Items from a data source
=== Section Start ===
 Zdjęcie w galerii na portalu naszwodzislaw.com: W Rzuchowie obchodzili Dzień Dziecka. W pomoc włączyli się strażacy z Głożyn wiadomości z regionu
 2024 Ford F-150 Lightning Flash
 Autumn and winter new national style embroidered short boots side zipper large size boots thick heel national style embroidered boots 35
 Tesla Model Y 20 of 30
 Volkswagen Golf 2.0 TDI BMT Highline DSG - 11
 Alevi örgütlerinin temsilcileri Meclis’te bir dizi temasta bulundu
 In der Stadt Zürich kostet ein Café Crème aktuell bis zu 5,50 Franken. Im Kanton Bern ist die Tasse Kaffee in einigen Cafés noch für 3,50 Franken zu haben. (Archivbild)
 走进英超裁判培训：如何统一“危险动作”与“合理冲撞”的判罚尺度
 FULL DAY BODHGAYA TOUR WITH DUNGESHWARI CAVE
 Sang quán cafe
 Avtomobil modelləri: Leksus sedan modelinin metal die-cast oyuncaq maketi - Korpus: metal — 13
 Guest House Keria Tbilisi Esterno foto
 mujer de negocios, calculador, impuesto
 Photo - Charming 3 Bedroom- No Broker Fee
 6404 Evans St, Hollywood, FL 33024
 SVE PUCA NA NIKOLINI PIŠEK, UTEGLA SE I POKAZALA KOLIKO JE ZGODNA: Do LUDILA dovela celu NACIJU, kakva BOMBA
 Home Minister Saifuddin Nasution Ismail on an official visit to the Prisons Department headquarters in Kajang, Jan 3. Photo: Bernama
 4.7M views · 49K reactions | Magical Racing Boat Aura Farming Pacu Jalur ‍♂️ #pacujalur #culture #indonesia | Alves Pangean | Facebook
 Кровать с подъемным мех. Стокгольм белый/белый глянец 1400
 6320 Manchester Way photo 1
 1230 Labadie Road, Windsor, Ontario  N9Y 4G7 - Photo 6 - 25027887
=== Section End ===
WHAT THE EXERCISE ASKS.
Of all the entries above, repeat only the lines from the line that has "Alevi örgütlerinin temsilcileri" to the line that has "6404 Evans St, Hollywood, FL 33024", both lines included, exactly.

SOLVED EXERCISE.
 Alevi örgütlerinin temsilcileri Meclis’te bir dizi temasta bulundu
 In der Stadt Zürich kostet ein Café Crème aktuell bis zu 5,50 Franken. Im Kanton Bern ist die Tasse Kaffee in einigen Cafés noch für 3,50 Franken zu haben. (Archivbild)
 走进英超裁判培训：如何统一“危险动作”与“合理冲撞”的判罚尺度
 FULL DAY BODHGAYA TOUR WITH DUNGESHWARI CAVE
 Sang quán cafe
 Avtomobil modelləri: Leksus sedan modelinin metal die-cast oyuncaq maketi - Korpus: metal — 13
 Guest House Keria Tbilisi Esterno foto
 mujer de negocios, calculador, impuesto
 Photo - Charming 3 Bedroom- No Broker Fee
 6404 Evans St, Hollywood, FL 33024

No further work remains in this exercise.